Über 60 Shops, Boutiquen und Department-Stores hatten allein in Düsseldorf die Türen bis Mitternacht geöffnet und überraschten ihre Kunden mit besonderen Aktionen, Premieren und Limited Editions. Auch in Berlin nahmen 40 Handelspartner teil, online konnten immerhin 30 teilnehmende Händler gewonnen werden. Der Standort Wien, der insgesamt zwei der bisherigen Ausgaben der VFNO mitgemacht hatt, war zuvor abgesagt worden. Von Seiten des Condé Nast Verlages hieß es dazu in einer Stellungnahme: „Wir haben uns gemeinsam mit dem Goldenden Quartier gegen eine Fortführung entschieden, da beide Partner sich im Rahmen ihrer Marketingstrategie auf andere Projekte, in unserem Fall auf die VFNOs in Berlin und Düsseldorf, fokussieren wollten.“

Nichtsdestotrotz begrüßte am frühen Donnerstagabend Cyrus Heydarian, General Manager des Düsseldorfer Fünf-Sterne-Hotels Breidenbacher Hof die Gäste mit einigen Fakten über Düsseldorf: „Düsseldorf entwickelt sich stetig weiter. Wir sind kurz davor, den Corneliusplatz zu eröffnen, was schon lange und sehnlich erwartet wurde. Die Königsallee ist nach wie vor die am meisten frequentierte Luxusmeile Deutschlands. Düsseldorf liegt im langfristigen Vergleich der Kaufkraft 20 Prozent über dem Bundesdurchschnitt,“ stellte er fest.

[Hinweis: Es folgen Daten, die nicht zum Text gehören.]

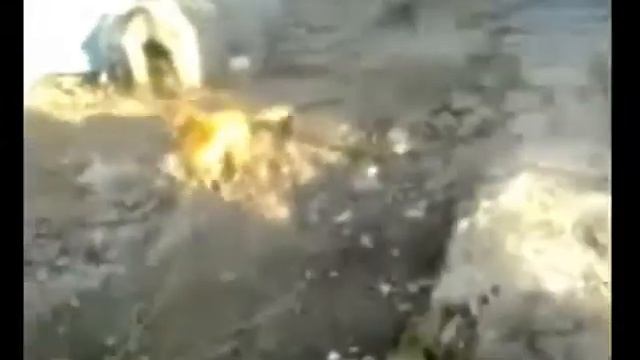 Монтаж видео школьников/ #1 смотреть онлайн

Was der Handel von der Vogue Fashion’s Night Out lernen kann

Das Wort an die Gäste richtete auch Vogue-Chefredakteurin Christiane Arp im Beisein von Oberbürgermeister Thomas Geisel. Sie hieß die Gäste aus Mode, Gesellschaft, Kultur, Medien und Wirtschaft zum Auftakt der achten Ausgabe der Vogue Fashion’s Night Out willkommen: „Was macht ein Event zu einem besonderen Event? Ich glaube einzig und allein wir, wir Menschen. Wir können alles überall haben, aber das, was in Erinnerung bleibt, ist die tolle Begegnung,“ so ihr Fazit.

Die Begegnung suchten die Düsseldorfer auf der Königsallee und in angrenzenden Einkaufsstraßen en masse. Strotz strömenden Regens waren die Straßen voll, die Stimmung ausgelassen. Auch Handelspartner zeigten sich begeistert: „Die Vogue Fashion’s Night Out ist für uns und unsere Kunden jedes Mal ein Highlight! Die Stadt war am Abend in einer besonderen Stimmung und die Kunden haben trotz des schlechten Wetters mitgemacht. Für uns lief die VFNO sowohl was die Umsätze, als auch was das Marketing angeht, hervorragend! Wir hatten zahlreiche Besucher und es war sogar das Fernsehen vor Ort und hat gedreht. Wir hatten viel Spaß, es war eine tolle Atmosphäre im Store. Diese Veranstaltungen sollten öfter stattfinden“, so Thomas Wirth, CEO Replay Germany.

Was der Handel von der Vogue Fashion’s Night Out lernen kann

Auf die Frage hin, was der Handel ganzjährig aus der Begeisterung rund um die Vogues Fashion’s Night Out lernen könnte, erwiderte Christiane Arp: „Seit 2010 veranstalten wir die Fashion’s Night Out in Düsseldorf, und unsere Erfahrung zeigt, dass die Partner im Handel dann erfolgreich sind, wenn sie sich etwas einfallen lassen. Wir müssen die Menschen emotional erreichen. Was könnte meinen Kunden gefallen, wie muss mein Laden riechen, welche Blumen stelle ich auf? Es geht um das Pflegen eines Rituals.“

Das Pflegen von Ritualen und der Eventcharakter sind in der Tat das, was der Handel von Shoppinigevents dieser Art lernen kann. Wie auch die Bread & Butter by Zalando gezeigt hat, gewinnt der Handel, ob on- oder offline, durch eine physische Annäherung an seine Kunden. Es geht um die Emotionalisierung des Einkaufserlebnisses, das Schaffen von positiven Erinnerungen, verknüpft mit der Marke oder dem Shop. Das Event ist etwas, was Online nicht bieten kann, ein Tool, das der Handel exklusiv für sich beanspruchen kann. Höchste Zeit, es zu nutzen.